Minister for Health Stephen Donnelly has been urged to include recommendations on taking vitamin D supplements in the revised “Living with Covid-19” strategy, due for launch later this month.

Fine Gael TD Emer Higgins called on Mr Donnelly to be “brave enough” to make a decision to recommend people start taking vitamin D instead of waiting for additional evidence “that may come too late” for patients in intensive care with the virus.

In the Dáil last week, she raised evidence cited by the Covit-D Consortium, a group of senior scientists, clinicians and academics specialising in research in this area, which they believe shows vitamin D can help prevent or treat Covid-19 by boosting the immune system.

Last November, the department advised older people to take daily vitamin D supplements of 15 micrograms for their bone and muscle health. A study it commissioned by the Food Safety Authority of Ireland found insufficient evidence to support claims it was beneficial in dealing with Covid-19.

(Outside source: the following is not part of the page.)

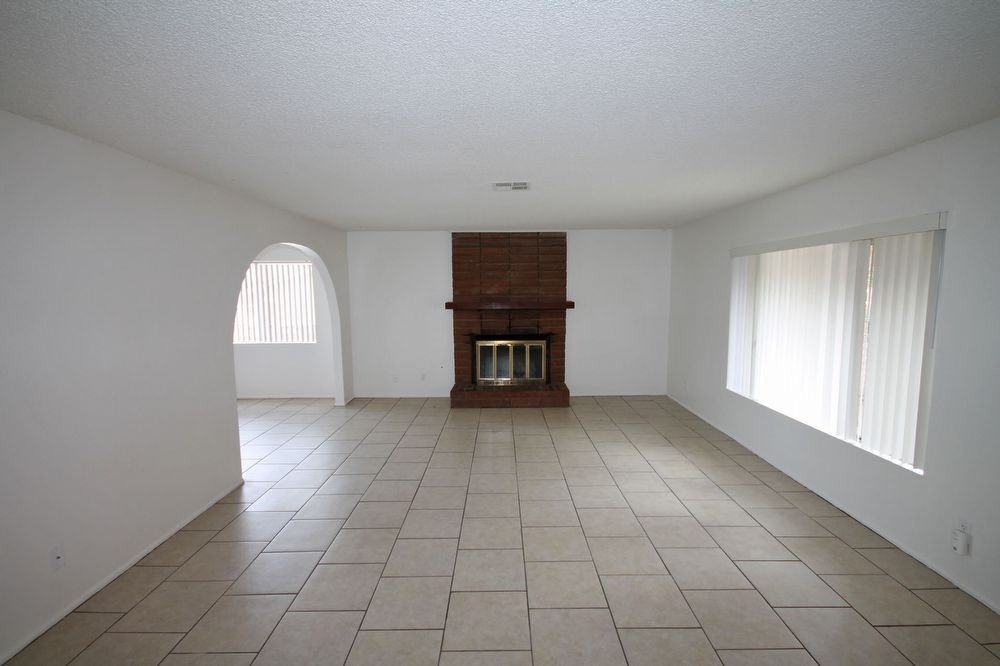 15178 Darnell Dr - Photo 2 of 12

Last week, in a letter to the Minister, chief medical officer Dr Tony Holohan said National Public Health Emergency Team had reviewed the evidence for the role of vitamin D in favourable outcomes for those infected with Covid-19. While it found that there was “circumstantial evidence … to suggest an association, to date there is insufficient high-quality evidence to support any change to existing recommendations”.

But Ms Higgins, a Dublin Mid-West TD, said the consortium which specialises in vitamin D research, “was not even consulted by Hiqa (Health Inspection and Quality Authority) ahead of its recommendations to Nphet.